▶ _PROBLEM TO WORK ON_
Only certain lines below are wanted: those starting at the line containing "30 Of The Best PC VR CO OP Games YouTube" and ending at the line containing "太优秀了，一所县级中学有18名学霸被清华北大考中", both included, each retyped exactly.
↓
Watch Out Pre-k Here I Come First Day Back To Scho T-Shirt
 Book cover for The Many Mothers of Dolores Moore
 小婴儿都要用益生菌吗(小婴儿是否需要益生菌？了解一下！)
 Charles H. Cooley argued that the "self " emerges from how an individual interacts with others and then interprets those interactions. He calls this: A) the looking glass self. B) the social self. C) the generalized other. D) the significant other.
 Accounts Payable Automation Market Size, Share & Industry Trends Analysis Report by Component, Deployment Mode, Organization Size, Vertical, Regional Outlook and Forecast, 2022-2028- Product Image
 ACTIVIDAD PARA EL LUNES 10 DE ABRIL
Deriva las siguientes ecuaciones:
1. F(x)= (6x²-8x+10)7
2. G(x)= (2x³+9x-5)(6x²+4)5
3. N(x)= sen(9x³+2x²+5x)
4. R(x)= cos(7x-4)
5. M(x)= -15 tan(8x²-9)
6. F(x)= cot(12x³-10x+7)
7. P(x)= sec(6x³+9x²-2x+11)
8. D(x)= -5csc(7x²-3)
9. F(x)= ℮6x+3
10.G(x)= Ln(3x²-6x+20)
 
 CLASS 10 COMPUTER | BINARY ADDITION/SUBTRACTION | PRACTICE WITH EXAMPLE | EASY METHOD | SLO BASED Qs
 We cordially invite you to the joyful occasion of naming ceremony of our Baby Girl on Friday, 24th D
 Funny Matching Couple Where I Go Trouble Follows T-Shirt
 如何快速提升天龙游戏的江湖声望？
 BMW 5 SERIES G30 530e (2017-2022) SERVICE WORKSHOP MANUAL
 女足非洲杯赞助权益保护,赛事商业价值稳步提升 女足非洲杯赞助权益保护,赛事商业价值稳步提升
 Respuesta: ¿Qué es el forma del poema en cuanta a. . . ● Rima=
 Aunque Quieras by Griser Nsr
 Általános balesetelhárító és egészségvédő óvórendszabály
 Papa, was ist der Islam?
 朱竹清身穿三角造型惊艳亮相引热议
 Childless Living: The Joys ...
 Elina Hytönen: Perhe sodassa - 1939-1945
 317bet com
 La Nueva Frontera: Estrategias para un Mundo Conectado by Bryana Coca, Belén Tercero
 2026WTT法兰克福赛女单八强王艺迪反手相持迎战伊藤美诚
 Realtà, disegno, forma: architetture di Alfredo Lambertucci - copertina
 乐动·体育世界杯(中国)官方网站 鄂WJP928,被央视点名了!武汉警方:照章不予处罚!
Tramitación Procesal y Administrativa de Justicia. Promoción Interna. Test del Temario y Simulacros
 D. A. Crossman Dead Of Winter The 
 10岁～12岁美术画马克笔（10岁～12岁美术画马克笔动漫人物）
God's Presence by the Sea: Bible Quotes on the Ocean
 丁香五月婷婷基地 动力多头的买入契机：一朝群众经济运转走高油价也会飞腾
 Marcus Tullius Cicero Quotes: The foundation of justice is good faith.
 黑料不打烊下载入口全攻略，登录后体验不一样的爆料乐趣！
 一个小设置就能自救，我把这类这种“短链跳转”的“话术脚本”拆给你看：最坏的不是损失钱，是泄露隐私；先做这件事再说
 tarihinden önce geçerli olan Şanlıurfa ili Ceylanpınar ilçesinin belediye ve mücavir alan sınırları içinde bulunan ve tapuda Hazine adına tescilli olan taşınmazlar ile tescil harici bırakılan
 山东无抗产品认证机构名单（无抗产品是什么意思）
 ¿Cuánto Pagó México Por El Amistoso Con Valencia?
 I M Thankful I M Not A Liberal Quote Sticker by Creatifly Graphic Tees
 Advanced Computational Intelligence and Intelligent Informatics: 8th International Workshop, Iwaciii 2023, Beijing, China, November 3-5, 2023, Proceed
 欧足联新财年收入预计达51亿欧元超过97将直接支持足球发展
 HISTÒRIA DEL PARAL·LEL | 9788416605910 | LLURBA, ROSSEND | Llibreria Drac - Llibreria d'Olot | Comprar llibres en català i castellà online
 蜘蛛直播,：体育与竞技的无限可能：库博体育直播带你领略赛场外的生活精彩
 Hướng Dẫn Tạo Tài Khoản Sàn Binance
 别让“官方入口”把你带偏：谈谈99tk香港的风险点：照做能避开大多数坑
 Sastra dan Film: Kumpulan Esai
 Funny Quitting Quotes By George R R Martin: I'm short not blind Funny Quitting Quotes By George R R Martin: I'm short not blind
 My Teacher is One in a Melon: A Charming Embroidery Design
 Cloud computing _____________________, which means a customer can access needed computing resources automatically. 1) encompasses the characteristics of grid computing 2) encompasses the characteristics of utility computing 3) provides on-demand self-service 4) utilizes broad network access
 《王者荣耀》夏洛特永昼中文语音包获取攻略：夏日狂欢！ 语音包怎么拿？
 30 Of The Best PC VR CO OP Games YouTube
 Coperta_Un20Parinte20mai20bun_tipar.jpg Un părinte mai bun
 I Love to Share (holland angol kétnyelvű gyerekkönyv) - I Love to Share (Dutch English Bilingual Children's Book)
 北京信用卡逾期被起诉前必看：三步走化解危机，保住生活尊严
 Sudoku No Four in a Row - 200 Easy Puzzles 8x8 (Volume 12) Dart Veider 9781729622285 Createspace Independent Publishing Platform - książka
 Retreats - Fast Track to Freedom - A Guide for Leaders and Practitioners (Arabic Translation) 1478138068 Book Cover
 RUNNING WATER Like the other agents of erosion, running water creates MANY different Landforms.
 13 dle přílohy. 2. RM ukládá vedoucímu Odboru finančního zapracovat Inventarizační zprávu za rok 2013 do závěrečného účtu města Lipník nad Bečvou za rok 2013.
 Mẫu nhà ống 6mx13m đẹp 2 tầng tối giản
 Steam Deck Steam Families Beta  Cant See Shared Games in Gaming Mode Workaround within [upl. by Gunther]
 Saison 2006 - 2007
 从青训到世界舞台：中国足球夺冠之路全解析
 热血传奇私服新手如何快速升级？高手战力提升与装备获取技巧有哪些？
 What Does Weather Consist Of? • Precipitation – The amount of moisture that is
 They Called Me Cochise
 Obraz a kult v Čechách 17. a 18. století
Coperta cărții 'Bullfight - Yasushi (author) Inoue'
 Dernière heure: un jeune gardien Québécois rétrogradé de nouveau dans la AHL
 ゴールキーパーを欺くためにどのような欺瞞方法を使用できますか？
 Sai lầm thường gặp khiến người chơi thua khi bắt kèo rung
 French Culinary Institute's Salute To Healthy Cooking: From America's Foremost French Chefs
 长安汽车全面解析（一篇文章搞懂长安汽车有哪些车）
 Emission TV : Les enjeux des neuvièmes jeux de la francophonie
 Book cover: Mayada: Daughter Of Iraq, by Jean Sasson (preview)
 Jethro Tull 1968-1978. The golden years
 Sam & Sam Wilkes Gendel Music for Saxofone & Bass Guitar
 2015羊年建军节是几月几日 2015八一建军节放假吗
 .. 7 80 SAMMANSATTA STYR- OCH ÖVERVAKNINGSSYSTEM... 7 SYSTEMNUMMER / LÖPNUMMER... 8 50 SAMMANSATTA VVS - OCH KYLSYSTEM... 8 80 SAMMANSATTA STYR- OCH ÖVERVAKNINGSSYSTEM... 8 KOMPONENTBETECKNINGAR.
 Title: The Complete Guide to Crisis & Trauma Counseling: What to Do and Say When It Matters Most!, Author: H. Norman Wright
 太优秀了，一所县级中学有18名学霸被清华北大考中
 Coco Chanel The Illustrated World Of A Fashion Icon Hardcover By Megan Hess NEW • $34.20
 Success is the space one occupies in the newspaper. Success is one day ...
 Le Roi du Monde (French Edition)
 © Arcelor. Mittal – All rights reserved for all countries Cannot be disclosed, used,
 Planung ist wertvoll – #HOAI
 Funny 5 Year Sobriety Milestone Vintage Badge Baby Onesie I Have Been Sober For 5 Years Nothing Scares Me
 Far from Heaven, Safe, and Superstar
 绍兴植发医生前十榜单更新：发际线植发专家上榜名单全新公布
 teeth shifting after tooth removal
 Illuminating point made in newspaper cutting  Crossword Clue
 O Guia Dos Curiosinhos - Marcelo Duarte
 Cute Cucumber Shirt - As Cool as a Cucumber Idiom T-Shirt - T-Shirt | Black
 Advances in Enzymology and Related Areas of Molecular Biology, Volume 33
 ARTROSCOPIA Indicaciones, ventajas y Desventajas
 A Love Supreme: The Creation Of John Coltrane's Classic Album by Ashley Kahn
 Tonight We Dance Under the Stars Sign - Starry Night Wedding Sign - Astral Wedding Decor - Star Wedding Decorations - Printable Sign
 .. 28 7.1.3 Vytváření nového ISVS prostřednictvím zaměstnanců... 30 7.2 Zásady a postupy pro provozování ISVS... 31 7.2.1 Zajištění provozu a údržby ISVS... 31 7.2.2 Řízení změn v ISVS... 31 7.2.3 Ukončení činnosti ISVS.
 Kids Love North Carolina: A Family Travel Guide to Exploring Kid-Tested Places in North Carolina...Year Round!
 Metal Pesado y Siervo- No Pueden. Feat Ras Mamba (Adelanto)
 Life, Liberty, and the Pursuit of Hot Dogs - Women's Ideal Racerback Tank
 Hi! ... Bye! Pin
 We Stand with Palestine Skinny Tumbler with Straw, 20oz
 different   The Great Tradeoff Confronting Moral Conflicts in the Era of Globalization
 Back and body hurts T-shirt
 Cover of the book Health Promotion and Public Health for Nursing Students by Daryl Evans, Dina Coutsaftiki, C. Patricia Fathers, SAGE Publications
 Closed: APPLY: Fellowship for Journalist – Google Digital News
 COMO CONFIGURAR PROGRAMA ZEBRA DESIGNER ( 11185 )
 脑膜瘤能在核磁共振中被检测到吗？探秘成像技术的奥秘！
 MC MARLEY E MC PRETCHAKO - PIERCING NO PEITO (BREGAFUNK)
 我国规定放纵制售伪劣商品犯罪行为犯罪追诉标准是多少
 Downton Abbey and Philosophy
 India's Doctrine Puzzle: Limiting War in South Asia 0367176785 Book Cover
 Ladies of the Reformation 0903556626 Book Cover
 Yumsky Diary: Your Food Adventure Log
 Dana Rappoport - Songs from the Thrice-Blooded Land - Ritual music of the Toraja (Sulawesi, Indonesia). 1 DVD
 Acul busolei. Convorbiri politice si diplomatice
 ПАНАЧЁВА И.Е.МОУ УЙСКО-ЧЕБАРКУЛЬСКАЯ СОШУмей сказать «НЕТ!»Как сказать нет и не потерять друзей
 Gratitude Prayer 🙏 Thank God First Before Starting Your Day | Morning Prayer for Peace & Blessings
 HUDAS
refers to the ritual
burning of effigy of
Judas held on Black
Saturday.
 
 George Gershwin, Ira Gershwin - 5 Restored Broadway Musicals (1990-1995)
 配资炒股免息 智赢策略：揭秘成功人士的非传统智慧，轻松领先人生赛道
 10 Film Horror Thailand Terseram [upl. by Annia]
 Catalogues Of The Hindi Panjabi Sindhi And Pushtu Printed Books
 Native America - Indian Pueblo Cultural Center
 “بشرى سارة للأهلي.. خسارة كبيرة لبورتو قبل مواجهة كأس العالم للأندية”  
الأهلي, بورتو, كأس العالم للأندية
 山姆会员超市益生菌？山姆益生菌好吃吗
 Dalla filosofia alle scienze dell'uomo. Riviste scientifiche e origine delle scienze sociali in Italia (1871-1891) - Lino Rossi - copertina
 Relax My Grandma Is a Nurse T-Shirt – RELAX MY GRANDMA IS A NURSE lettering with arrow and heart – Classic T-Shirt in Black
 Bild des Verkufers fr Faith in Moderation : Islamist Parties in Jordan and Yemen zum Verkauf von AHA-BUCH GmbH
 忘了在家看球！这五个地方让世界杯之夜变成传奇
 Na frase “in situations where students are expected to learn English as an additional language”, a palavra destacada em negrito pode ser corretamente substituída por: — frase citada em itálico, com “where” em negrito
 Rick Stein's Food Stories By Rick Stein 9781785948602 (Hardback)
↑
▶ _OUTPUT FOR THIS EXERCISE_
 30 Of The Best PC VR CO OP Games YouTube
 Coperta_Un20Parinte20mai20bun_tipar.jpg Un părinte mai bun
 I Love to Share (holland angol kétnyelvű gyerekkönyv) - I Love to Share (Dutch English Bilingual Children's Book)
 北京信用卡逾期被起诉前必看：三步走化解危机，保住生活尊严
 Sudoku No Four in a Row - 200 Easy Puzzles 8x8 (Volume 12) Dart Veider 9781729622285 Createspace Independent Publishing Platform - książka
 Retreats - Fast Track to Freedom - A Guide for Leaders and Practitioners (Arabic Translation) 1478138068 Book Cover
 RUNNING WATER Like the other agents of erosion, running water creates MANY different Landforms.
 13 dle přílohy. 2. RM ukládá vedoucímu Odboru finančního zapracovat Inventarizační zprávu za rok 2013 do závěrečného účtu města Lipník nad Bečvou za rok 2013.
 Mẫu nhà ống 6mx13m đẹp 2 tầng tối giản
 Steam Deck Steam Families Beta  Cant See Shared Games in Gaming Mode Workaround within [upl. by Gunther]
 Saison 2006 - 2007
 从青训到世界舞台：中国足球夺冠之路全解析
 热血传奇私服新手如何快速升级？高手战力提升与装备获取技巧有哪些？
 What Does Weather Consist Of? • Precipitation – The amount of moisture that is
 They Called Me Cochise
 Obraz a kult v Čechách 17. a 18. století
Coperta cărții 'Bullfight - Yasushi (author) Inoue'
 Dernière heure: un jeune gardien Québécois rétrogradé de nouveau dans la AHL
 ゴールキーパーを欺くためにどのような欺瞞方法を使用できますか？
 Sai lầm thường gặp khiến người chơi thua khi bắt kèo rung
 French Culinary Institute's Salute To Healthy Cooking: From America's Foremost French Chefs
 长安汽车全面解析（一篇文章搞懂长安汽车有哪些车）
 Emission TV : Les enjeux des neuvièmes jeux de la francophonie
 Book cover: Mayada: Daughter Of Iraq, by Jean Sasson (preview)
 Jethro Tull 1968-1978. The golden years
 Sam & Sam Wilkes Gendel Music for Saxofone & Bass Guitar
 2015羊年建军节是几月几日 2015八一建军节放假吗
 .. 7 80 SAMMANSATTA STYR- OCH ÖVERVAKNINGSSYSTEM... 7 SYSTEMNUMMER / LÖPNUMMER... 8 50 SAMMANSATTA VVS - OCH KYLSYSTEM... 8 80 SAMMANSATTA STYR- OCH ÖVERVAKNINGSSYSTEM... 8 KOMPONENTBETECKNINGAR.
 Title: The Complete Guide to Crisis & Trauma Counseling: What to Do and Say When It Matters Most!, Author: H. Norman Wright
 太优秀了，一所县级中学有18名学霸被清华北大考中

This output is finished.